Is Natural Gas a Bridge Fuel to Renewables? It’s Complicated.
Climate-Tech Investing In The Time of COVID-19 — Article 5
In July 2014, I led an activist campaign to improve the governance and operating efficiency of a public natural gas company in Canada. We met with the Board, found them amenable to our ideas, and compromised on taking two board seats and a formal observer seat that I occupied. We had done our work on the company’s reserves and infrastructure and believed by emulating industry best practices the company could achieve some of the lowest-cost production of natural gas anywhere in North America, a formidable competitive advantage.
We also took comfort, thanks to Daniel Yergin’s excellent historical analysis, that while we had a bearish long-term demand view for oil, our long-term demand view was bullish for natural gas. Oversimplifying, we believed that natural gas-fired power would increasingly replace coal-fired power. I also took comfort that the carbon footprint for natural gas was half that of coal and that natural gas would function for many decades as a bridge fuel. But was that right? Or is switching to natural gas like switching from smoking Marlboro Reds to Marlboro Lights? It’s still going to kill you, it’s just going to take longer.
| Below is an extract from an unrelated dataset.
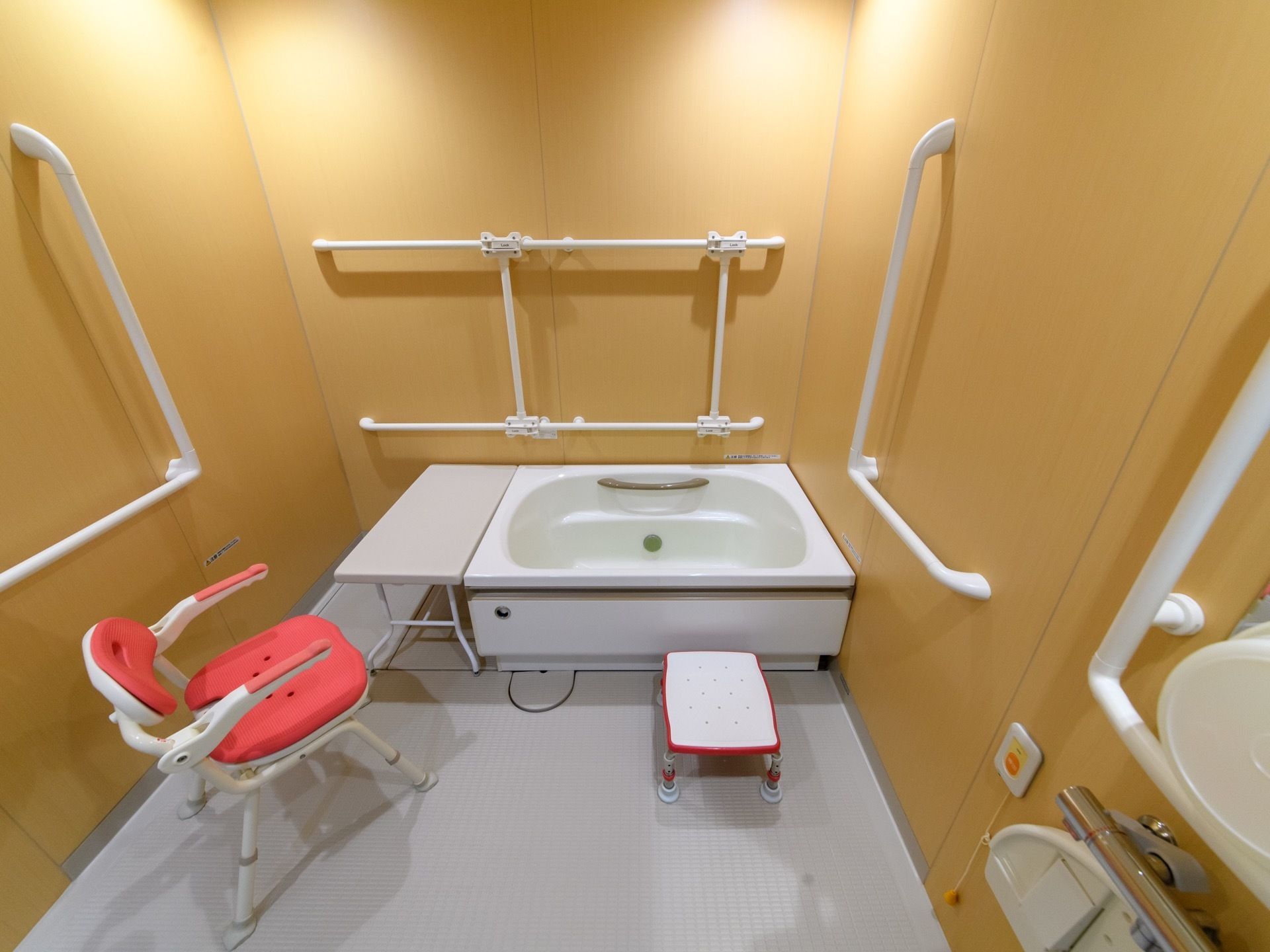 施設では3タイプの浴室がある。全て個別で、ゆっくり寛いで入浴ができる。洗い場用の椅子は高い物、浴槽内でも使用できる小さい椅子もある。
In the proceeding article, I will give a basic overview of the role natural gas plays today in the energy stack, the Faustian Bargain we are striking each time we put in place another large-scale natural gas asset, the role renewable natural gas (RNG) will play, and wrap things up with investment implications. To read previous entries in this series, Climate-Tech Investing in the Time of Covid-19, see links here:
Article 1 — Whither Climate Investors’ Opportunity Set?
Article 2 — There Is No Climate Change Deus Ex Machina
Article 3 — Earth’s Climate Budget — A Primer
Article 4 — A Case for Rapidly Scaling Carbon Capture, Utilization, and Storage
Context for Natural Gas Discussion
Upon combustion, natural gas, otherwise known as methane (CH4), emits approximately half the carbon dioxide compared to coal (in addition to fewer trace pollutants like sulfur oxides and nitrogen oxides). Without a doubt, we have to thank coal-to-gas switching over the past ten years for a reduction in the US carbon dioxide emissions in the power sector.
The peak in power emissions in 2008 coincides with the peak in US natural gas prices. You can see this relationship visually if you map the upside-down V-shape of US natural gas electric power price in the chart below to the V-shape of the US power sector CO2 emissions in the chart above. Correlation does not prove causation but it passes economic muster that switching to natural gas had little to do with environmental virtue and more to do with economics. Sustained lower natural gas prices have pushed the economy toward using less carbon-intensive natural gas power.
Ever since the experience curve of hydraulic fracturing crossed into an affordable cost threshold in 2008, the US exploration and production (E&P) industry has generated an abundance of cheap natural gas which has done two things:
i) Improved natural gas’s position in the electrical generation merit order increasing the consumption of natural gas hydrocarbon molecules in lieu of coal.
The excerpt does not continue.